When I turn to the past, I see forty years of writing and argumentation: this has become my wealth. It has created for me a small name and a great trust with the people. Even now, I hold my hand on my heart, afraid to lose that wealth.
ZR: What do you think of poems that are ambiguous or can only be understood by an elite group of people?
AP: I don’t know whether it is a fortunate or an unfortunate thing that I don’t have any such poems! It might be a shortcoming. I’m not against any sort of poem. I’m always aligned with the idea of colorfulness; Kurdish poetry is enriched by colorfulness.
ZR: During the trial of Shiekh Saeed Piran, one of his judges said the Shiekh was not the only one responsible for Kurdish rebellion. Ahmed Xani’s Mem u Zin was another factor. I think it was Mayakovsky who told his enemies: I will destroy you with my poems. Do you think that poetry can have this role, that it can take on enemies and foment revolt? What kinds of messages does poetry carry today?

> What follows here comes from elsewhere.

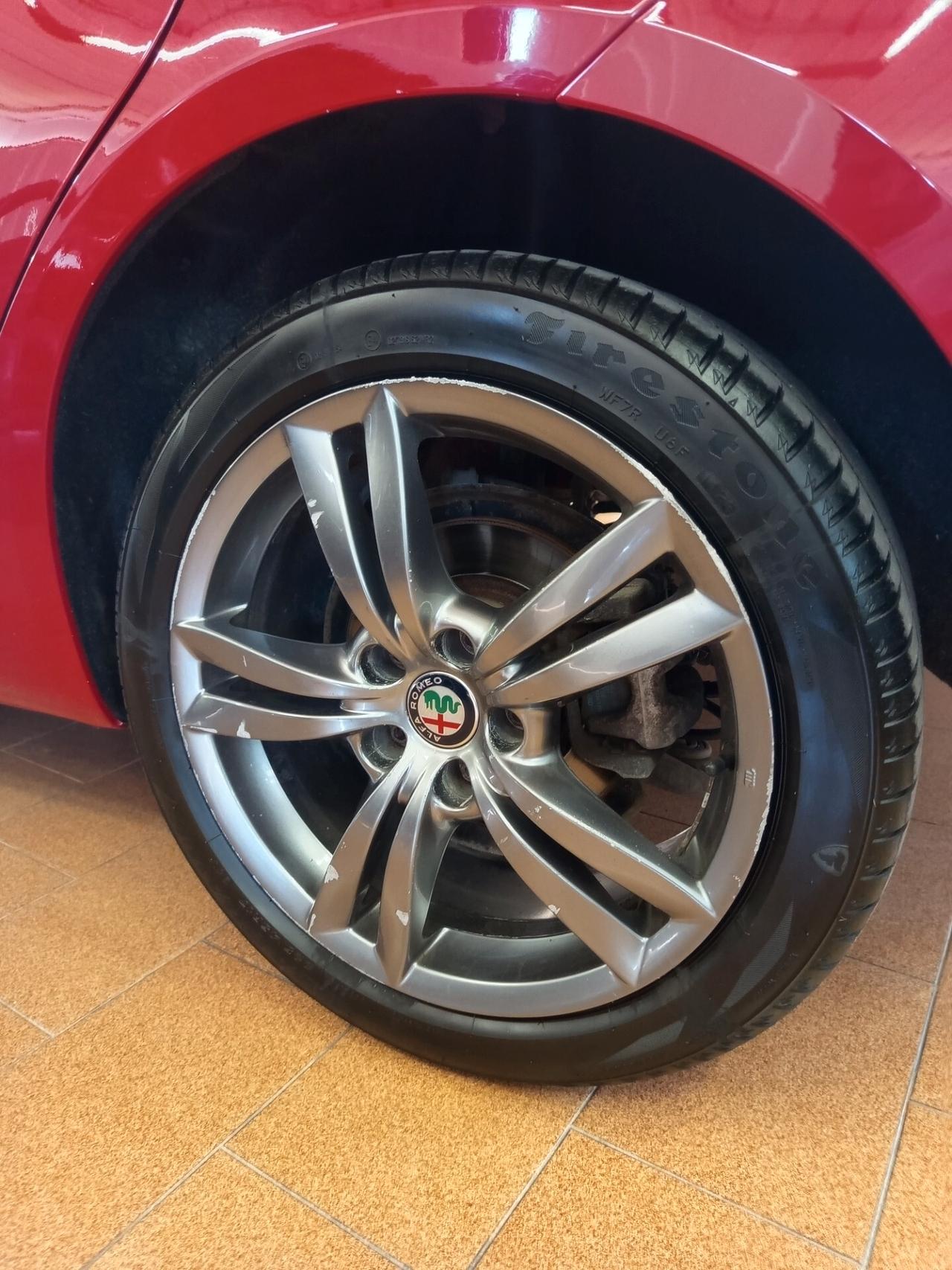 Alfa Romeo Giulietta 1.6 JTDm 120 CV Super ok neopatentati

AP: In our Kurdistan, poems have always had a moral power that no one can ever take away. True, in every age there has been poor poetry, but the poetry of truth will always antagonize injustice and unfairness. I also say, with the process of democratization the role of poetry has been curtailed.
ZR: When do you usually write? Do you believe in inspiration and revelation?
AP: I don’t have a specific time and place when I write poems. However, I’ve written most of my poems at the night’s end. Night is the mother to my poems and insomnia their nurse. But inspiration alone is not enough: writing poetry requires the right tackle and craft in every word, sound, comma, and dot.
ZR: In your perspective, what should the relationships between political parties, and between the authority and intellectuals, be?
AP: All of Kurdistan’s political parties are totalitarian; they are modeled after the communist parties. They don’t differ from those that existed in Baghdad, North Korea, Cuba, and Damascus. What I’m talking about is the rule of law and that doesn’t have any correlation with our system. We still don’t have a party modeled after the European parties that can draw distinctions between members and government officials.
During the Soviet period, there were many poets and writers whose work was published and translated into many languages with money stolen from the people by corrupt party members. Yet, when the Soviet Union dissolved, these writers were forgotten with the regime. Mandelstam, Gomilov, and Pasternak were the ones who became the unforgettables. And all of the party’s writers and intellectuals died in anonymity. The Soviet Union’s writers are a good example for us to learn from.
ZR: Have you written your memoirs or do you not intend to do that?
AP: It takes stability to do that. Until 1997, I was a refugee. Until lately my archive and my library have been scattered all over, every book in a different corner.